EP by Iron Maiden
- Released: 14 September 1981
- Recorded: 23 May 1981
- Venue: Aichi Kōsei Nenkin Kaikan, Nagoya, Japan
- Genre: Heavy metal
- Length: 16:38
- Label: EMI
- Producer: Iron Maiden; Doug Hall;

Iron Maiden chronology
| Killers (1981) | Maiden Japan (1981) | The Number of the Beast (1982) |

Alternative cover
- Brazilian and Venezuelan alternate cover

= Maiden Japan =

Maiden Japan, released as Heavy Metal Army in Japan, is a live EP by the British heavy metal band Iron Maiden. The title is a pun of Deep Purple's live album Made in Japan.

Professional ratings
Review scores
| Source | Rating |
| AllMusic | Star |
| Collector's Guide to Heavy Metal | 6/10 |

== Release ==
There are at least two different versions of this EP; all tracks were recorded at the Aichi Kosei Nenkin Kaikan in Chikusa-ku, Nagoya, Aichi, Japan on 23 May 1981. It was lead singer Paul Di'Anno's final recording with the band. The original Japanese pressing features only 4 tracks and the record speed is 45 rpm, but the other version has 5 tracks. It was never the band's intention to release this album, but Toshiba-EMI wanted a live album.

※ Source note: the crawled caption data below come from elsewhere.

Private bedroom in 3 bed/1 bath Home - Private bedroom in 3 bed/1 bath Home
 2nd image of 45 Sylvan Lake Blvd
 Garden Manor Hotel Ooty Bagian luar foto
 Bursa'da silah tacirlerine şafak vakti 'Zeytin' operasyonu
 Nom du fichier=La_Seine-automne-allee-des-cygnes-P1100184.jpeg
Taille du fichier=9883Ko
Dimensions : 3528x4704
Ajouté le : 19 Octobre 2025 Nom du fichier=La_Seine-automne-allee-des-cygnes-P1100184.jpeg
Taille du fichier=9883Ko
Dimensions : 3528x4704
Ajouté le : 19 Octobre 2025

The EP has been officially reissued on CD twice — the four-track version was included as part of the singles box set The First Ten Years, released in 1990, while the five-track version was included on the bonus disc that came with the 1995 reissue of Killers in the US (the European release did not include the Maiden Japan tracks).

== Cover art ==
The original cover depicted the band's mascot, Eddie, holding the severed head of singer Paul Di'Anno. The replacement cover was done on very short notice after Iron Maiden's manager, Rod Smallwood, received a proof for review, and became agitated at Di'Anno's depiction because the band was looking to replace him. Maiden Japan was released in Brazil (in 1981 & a 1985 re-issue) & Venezuela (in 1987) with the original cover and have become collector's items.

==Accolades==
The Rolling Stone Italia named Maiden Japan EP as "The most important and the best metal's live EPs ever". Ultimate Classic Rock placed Maiden Japan on Top 40 Best 1981 Albums List. Maiden Japan EP went platinum in Canada and made it to the charts in many other countries around the world.

== Track listing ==
Production and performance credits are adapted from the EP liner notes.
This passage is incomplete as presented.